What you need to do →
Retype every entry word for word. Omit the pictures.

Scraped caption text data:

—————

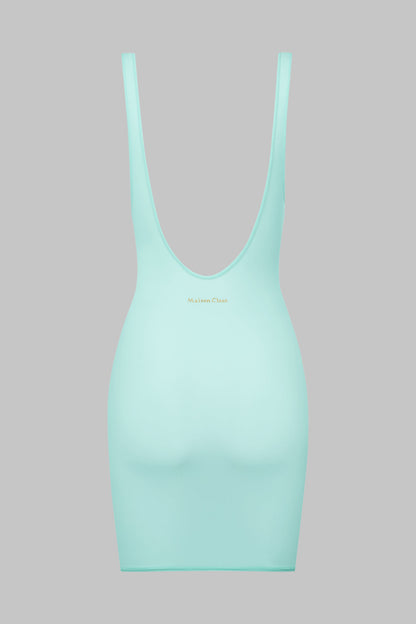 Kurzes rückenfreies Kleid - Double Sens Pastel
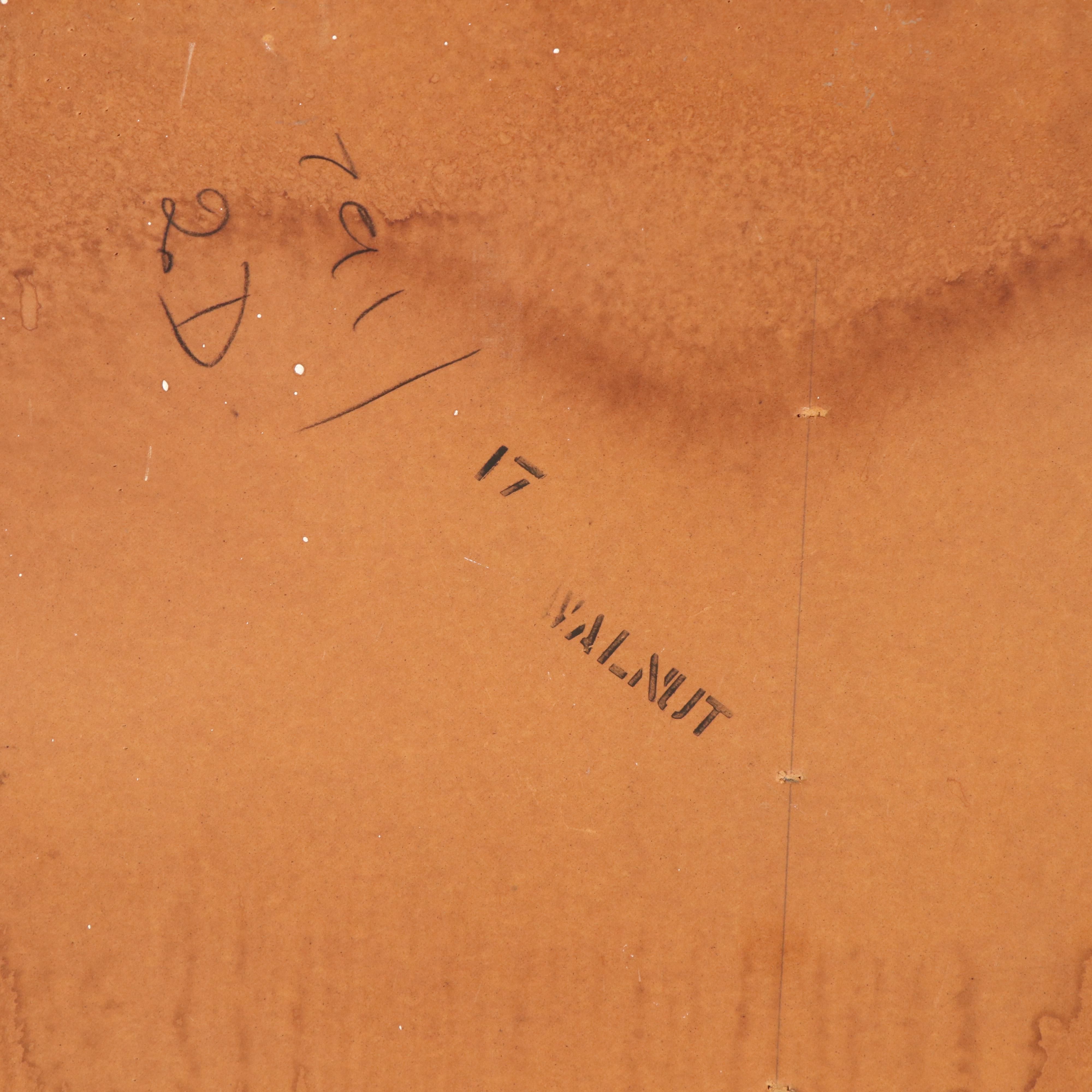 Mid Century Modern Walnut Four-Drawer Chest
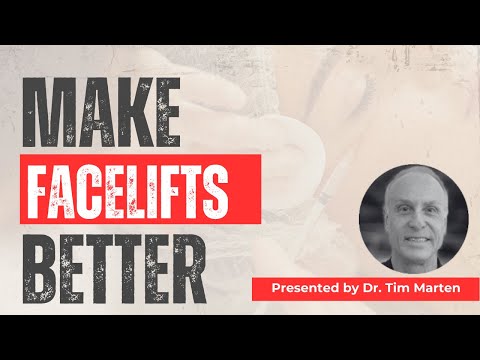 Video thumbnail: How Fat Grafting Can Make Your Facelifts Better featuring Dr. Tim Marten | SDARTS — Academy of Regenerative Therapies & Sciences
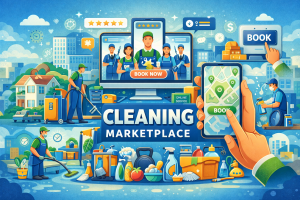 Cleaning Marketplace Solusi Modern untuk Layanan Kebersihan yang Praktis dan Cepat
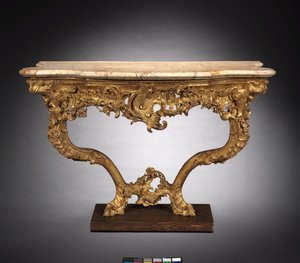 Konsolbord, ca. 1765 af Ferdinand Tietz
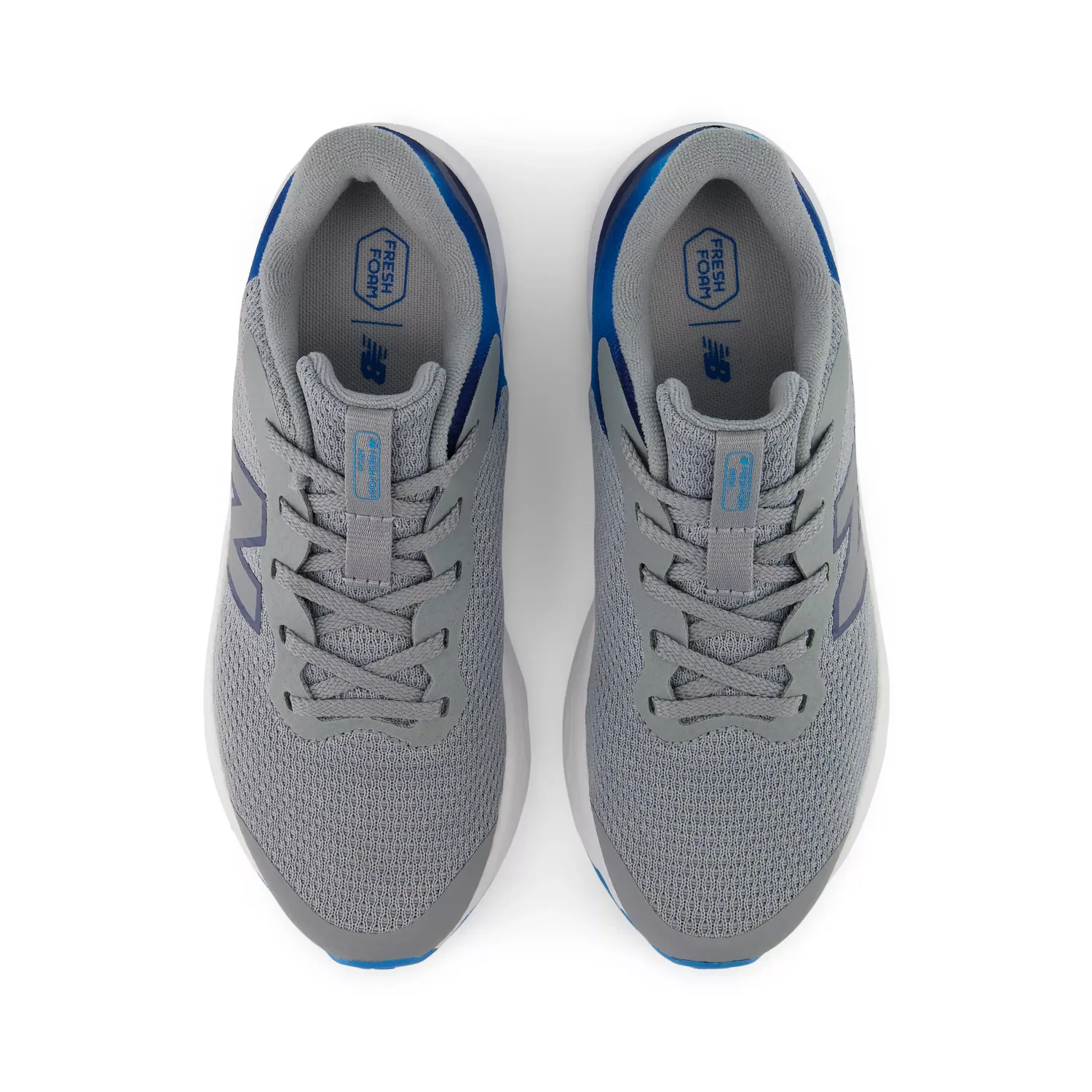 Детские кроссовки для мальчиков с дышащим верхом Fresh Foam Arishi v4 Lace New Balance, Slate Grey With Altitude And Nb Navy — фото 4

—————

Answer to the exercise →
 Kurzes rückenfreies Kleid - Double Sens Pastel
 Mid Century Modern Walnut Four-Drawer Chest
 Video thumbnail: How Fat Grafting Can Make Your Facelifts Better featuring Dr. Tim Marten | SDARTS — Academy of Regenerative Therapies & Sciences
 Cleaning Marketplace Solusi Modern untuk Layanan Kebersihan yang Praktis dan Cepat
 Konsolbord, ca. 1765 af Ferdinand Tietz
 Детские кроссовки для мальчиков с дышащим верхом Fresh Foam Arishi v4 Lace New Balance, Slate Grey With Altitude And Nb Navy — фото 4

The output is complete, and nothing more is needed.